======== RECORDS SUPPLIED

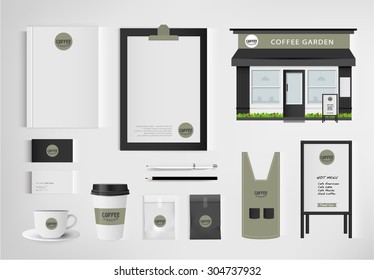 restaurant cafe set shop front design vector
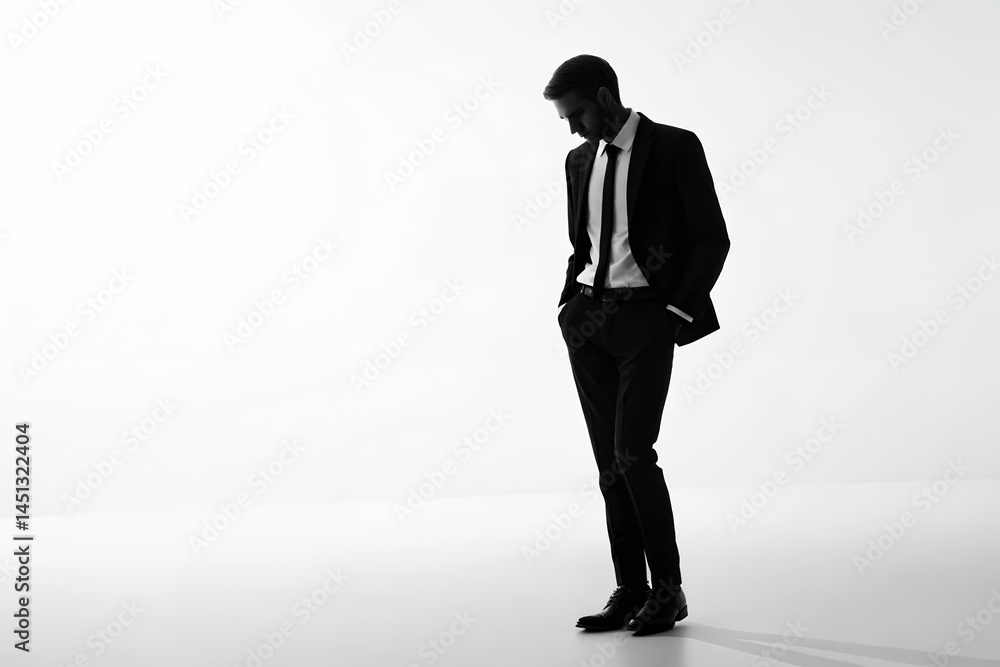 Silhouette of a Man in a Suit Business, Minimalist Photography Silhouette of a Man in a Suit Business, Minimalist Photography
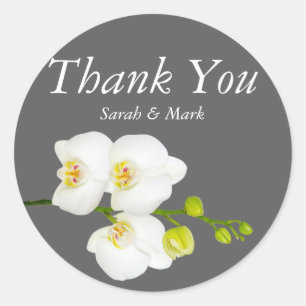 Sticker Rond Fleurs d'orchidées blanches et Merci Mariage gris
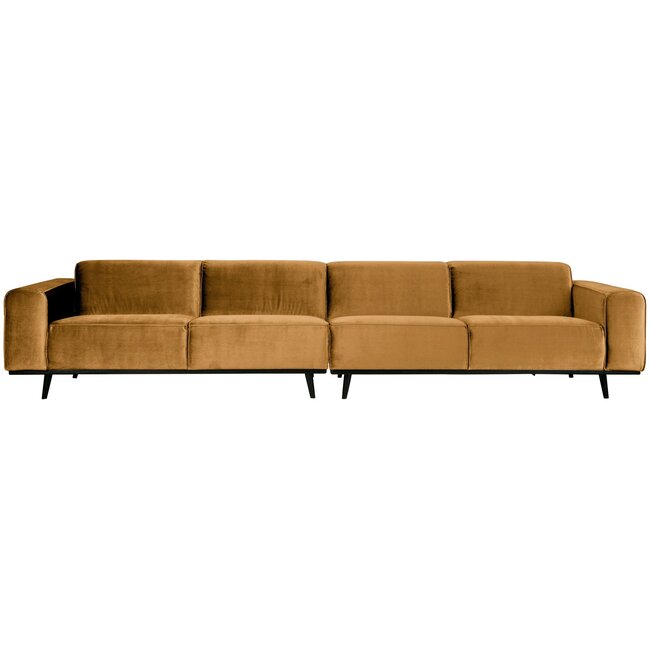 Woood Statement xl 4-zits bank 372 cm fluweel honing geel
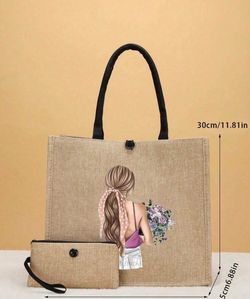 2 Pieces/Set Simple Floral Letter Printed Linen Tote Bag, Simple, Cosmetic Wallet, Large Capacity Cosmetic Bag, Multifunctional Portable Handbag, Line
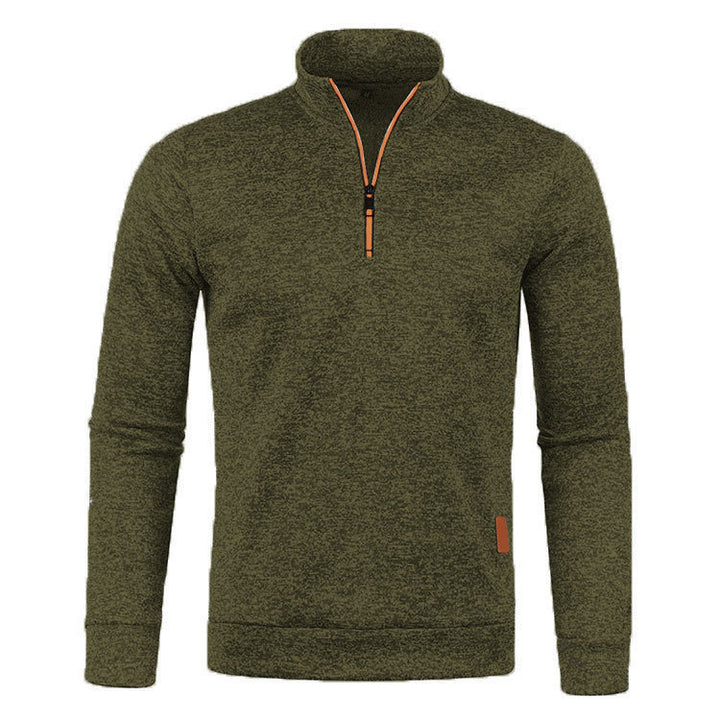 Herren-Strickpullover mit Stehkragen und Reißverschluss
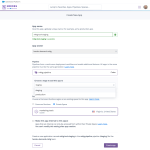 Heroku “Create New App” page showing form fields for app name, pipeline, stage, space selection, and a “Create app” button at the bottom right.
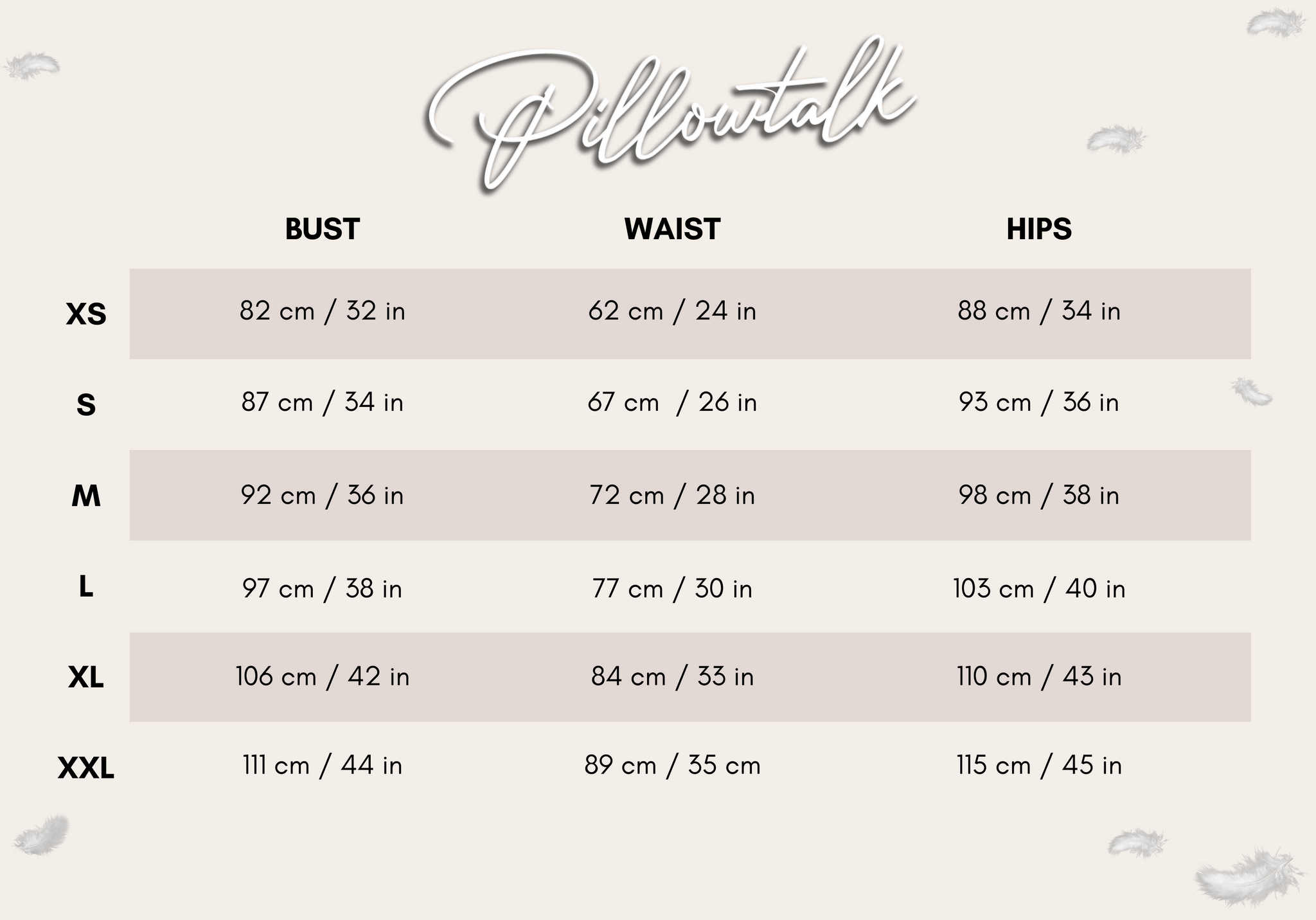 Pillow Talk Size Chart CXIX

================

With the pictures removed, return each record above exactly as given.

ANSWER TO THIS EXERCISE:
 restaurant cafe set shop front design vector
 Silhouette of a Man in a Suit Business, Minimalist Photography Silhouette of a Man in a Suit Business, Minimalist Photography
 Sticker Rond Fleurs d'orchidées blanches et Merci Mariage gris
 Woood Statement xl 4-zits bank 372 cm fluweel honing geel
 2 Pieces/Set Simple Floral Letter Printed Linen Tote Bag, Simple, Cosmetic Wallet, Large Capacity Cosmetic Bag, Multifunctional Portable Handbag, Line
 Herren-Strickpullover mit Stehkragen und Reißverschluss
 Heroku “Create New App” page showing form fields for app name, pipeline, stage, space selection, and a “Create app” button at the bottom right.
 Pillow Talk Size Chart CXIX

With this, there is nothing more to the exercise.